In terms of game play, there really isn’t anything new or interesting here. Everything Avalon Lords does has been done already (and much, much better). The tech progression is fairly bog standard. You build buildings to get different units. You upgrade those buildings to get better units. You can build places that will research buffs for your units, or what have you. You have a central focus on gaining resources like iron, gold or wood with peasants in order to build. There’s really nothing in this game that you wouldn’t find in any other RTS. On top of that, the generic medieval theme has been done to death.20160531112829_1

The controls are finicky and unpleasant when you try to drag over a bunch of units to select them, or try to move the map to get to where you want. You sometimes end up on the complete opposite side of the map from where you intended. The developers have recently announced that they are making the game free-to-play. So in the future be wary of this game not only being out-shined by other RTS games (including many free ones), but also being filled with micro-transactions. This is speculation, so we’ll just have to see.

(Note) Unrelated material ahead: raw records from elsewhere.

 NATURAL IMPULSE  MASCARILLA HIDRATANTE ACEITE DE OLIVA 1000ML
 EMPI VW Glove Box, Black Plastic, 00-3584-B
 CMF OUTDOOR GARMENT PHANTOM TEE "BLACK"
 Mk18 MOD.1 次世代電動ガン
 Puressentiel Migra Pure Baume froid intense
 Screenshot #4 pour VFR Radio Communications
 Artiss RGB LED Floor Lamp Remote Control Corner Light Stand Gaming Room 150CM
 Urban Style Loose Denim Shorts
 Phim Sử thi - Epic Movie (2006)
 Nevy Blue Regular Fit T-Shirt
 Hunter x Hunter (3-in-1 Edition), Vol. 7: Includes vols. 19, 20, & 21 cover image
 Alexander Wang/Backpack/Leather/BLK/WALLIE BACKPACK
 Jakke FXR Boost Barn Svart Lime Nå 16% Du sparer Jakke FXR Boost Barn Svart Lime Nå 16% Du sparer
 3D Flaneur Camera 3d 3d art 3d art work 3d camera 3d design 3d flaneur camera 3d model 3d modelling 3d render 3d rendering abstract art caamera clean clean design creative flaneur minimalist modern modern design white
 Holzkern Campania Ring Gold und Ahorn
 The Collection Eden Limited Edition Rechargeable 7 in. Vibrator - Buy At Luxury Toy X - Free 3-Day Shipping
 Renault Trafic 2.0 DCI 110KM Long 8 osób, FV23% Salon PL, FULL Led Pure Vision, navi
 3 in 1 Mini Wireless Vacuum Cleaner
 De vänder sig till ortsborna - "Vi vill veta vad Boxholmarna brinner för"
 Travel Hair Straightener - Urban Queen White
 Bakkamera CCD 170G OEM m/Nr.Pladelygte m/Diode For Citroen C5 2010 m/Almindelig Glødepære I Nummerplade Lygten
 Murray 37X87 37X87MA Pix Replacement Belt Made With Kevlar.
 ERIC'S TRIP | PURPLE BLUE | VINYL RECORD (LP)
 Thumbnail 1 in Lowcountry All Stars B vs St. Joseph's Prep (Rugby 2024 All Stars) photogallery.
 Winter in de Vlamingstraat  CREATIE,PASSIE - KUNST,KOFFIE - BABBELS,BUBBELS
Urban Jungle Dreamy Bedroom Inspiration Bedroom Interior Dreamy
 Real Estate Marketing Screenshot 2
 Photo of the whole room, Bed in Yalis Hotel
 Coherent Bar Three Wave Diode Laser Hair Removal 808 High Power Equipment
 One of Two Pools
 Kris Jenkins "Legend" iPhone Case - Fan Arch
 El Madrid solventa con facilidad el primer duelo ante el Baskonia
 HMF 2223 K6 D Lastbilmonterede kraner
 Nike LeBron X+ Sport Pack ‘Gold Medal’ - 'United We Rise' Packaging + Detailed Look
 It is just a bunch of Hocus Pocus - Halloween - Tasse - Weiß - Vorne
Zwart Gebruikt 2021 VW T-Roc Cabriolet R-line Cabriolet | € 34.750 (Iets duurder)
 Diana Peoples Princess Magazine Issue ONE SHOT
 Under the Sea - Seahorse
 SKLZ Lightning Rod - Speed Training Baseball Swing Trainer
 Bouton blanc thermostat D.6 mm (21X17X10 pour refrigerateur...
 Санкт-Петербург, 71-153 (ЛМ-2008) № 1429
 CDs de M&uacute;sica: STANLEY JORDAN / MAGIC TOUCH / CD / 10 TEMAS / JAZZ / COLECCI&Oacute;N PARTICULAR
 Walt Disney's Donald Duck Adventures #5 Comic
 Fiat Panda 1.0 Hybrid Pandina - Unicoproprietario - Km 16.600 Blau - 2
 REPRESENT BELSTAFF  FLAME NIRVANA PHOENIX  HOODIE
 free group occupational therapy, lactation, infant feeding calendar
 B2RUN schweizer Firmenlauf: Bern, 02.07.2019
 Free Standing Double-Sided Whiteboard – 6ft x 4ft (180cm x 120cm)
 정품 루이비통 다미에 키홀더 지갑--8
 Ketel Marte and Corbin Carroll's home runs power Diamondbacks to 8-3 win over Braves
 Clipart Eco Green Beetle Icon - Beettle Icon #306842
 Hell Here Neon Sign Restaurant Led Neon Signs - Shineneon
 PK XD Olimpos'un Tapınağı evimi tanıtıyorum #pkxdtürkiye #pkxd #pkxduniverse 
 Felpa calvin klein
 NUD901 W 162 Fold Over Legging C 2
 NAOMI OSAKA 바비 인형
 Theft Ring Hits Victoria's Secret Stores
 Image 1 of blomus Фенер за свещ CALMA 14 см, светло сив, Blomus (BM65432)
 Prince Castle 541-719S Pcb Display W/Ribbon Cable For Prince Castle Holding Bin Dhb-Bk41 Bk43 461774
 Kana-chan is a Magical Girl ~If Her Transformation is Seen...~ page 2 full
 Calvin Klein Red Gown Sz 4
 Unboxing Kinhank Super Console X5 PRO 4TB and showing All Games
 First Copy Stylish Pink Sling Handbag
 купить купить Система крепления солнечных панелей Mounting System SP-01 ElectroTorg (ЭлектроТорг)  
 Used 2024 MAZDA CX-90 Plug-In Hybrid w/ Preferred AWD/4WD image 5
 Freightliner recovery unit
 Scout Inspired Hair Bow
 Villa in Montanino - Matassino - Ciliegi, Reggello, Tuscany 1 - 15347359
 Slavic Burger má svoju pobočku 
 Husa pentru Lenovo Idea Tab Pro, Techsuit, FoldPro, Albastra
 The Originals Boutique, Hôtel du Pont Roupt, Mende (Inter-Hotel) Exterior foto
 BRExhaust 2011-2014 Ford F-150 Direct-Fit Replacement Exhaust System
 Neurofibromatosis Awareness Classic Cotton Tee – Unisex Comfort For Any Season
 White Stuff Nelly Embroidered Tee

The most fun I had with Avalon Lords are the short battle games. Here you just choose units for your roster and send them out against your opponent. I found it was best to send them all in one large clump, since that’s mostly what your opponent will being doing. Here you just watch them all fight and die. Then the game ends, nice and simple. No resource management or building nonsense; just a quick fight. You can choose the configuration of your list so that you can have all archers or crossbowmen, or all weak sword guys, or heavy shielded guys…or any combination thereof. It’s over in under five minutes, and then you can do something else with your time.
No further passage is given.